Regarding the tariffs, I have taken to saying “It’s not the end of the world, and it’s not even the end of world trade.” In the modern world, every decade sees a few global economic upheavals, and in my opinion that’s all this is. It is a strong player within the world trade system (China and the EU being the other strong players), deciding to do things differently. Among other things, it’s an attempt to do something about America’s trade deficits, and to make the country into a net producer rather than a net consumer. Those are huge changes but now that they are being attempted, I don’t see any going back. The old situation was tolerated because it was too hard to do anything about it, and the upper class was still living comfortably. I think a reasonable prediction is that world trade avoiding the US will increase, US national income may not grow as fast, but the US will re-industrialize (and de-financialize). Possibly there’s some interaction with the US dollar’s status as reserve currency too, but I don’t know what that would be.
Humans didn’t always speak in 50-word sentences. If you want to figure out how we came to be trending away from that, you should try to figure out how, when, and why that became normal in the first place.
I only skimmed this to get the basics, I guess I’ll read it more carefully and responsibly later. But my immediate impressions: The narrative presents a near future history of AI agents, which largely recapitulates the recent past experience with our current AIs. Then we linger on the threshold of superintelligence, as one super-AI designs another which designs another which… It seemed artificially drawn out. Then superintelligence arrives, and one of two things happens: We get a world in which human beings are still living human lives, but surrounded by abundance and space travel, and superintelligent AIs are in the background doing philosophy at a thousand times human speed or something. Or, the AIs put all organic life into indefinite data storage, and set out to conquer the universe themselves.
I find this choice of scenarios unsatisfactory. For one thing, I think the idea of explosive conquest of the universe once a certain threshold is passed (whether or not humans are in the loop) has too strong a hold on people’s imaginations. I understand the logic of it, but it’s a stereotyped scenario now.

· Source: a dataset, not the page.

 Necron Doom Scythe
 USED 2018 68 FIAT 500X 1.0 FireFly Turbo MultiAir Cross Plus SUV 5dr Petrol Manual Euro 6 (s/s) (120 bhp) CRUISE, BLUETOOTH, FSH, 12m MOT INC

Also, I just don’t buy this idea of “life goes on, but with robots and space colonies”. Somewhere I noticed a passage about superintelligence being released to the public, as if it was an app. Even if you managed to create this Culture-like scenario, in which anyone can ask for anything from a ubiquitous superintelligence but it makes sure not to fulfil wishes that are damaging in some way… you are then definitely in a world in which superintelligence is running things. I don’t believe in an elite human minority who have superintelligence in a bottle and then get to dole it out. Once you create superintelligence, it’s in charge. Even if it’s benevolent, humans and humans life are not likely to go on unchanged, there is too much that humans can hope for that would change them and their world beyond recognition.
Anyway, that’s my impulsive first reaction, eventually I’ll do a more sober and studied response…
I don’t follow the economics of AI at all, but my model is that Google (Gemini) has oceans of money and would therefore be less vulnerable in a crash, and that OpenAI and Anthropic have rich patrons (Microsoft and Amazon respectively) who would have the power to bail them out. xAI is probably safe for the same reason, the patron being Elon Musk. China is a similar story, with the AI contenders either being their biggest tech companies (e.g. Baidu) or sponsored by them (Alibaba and Tencent being big investors in “AI 2.0”).
What exactly will happen to people who don’t “get out” in time?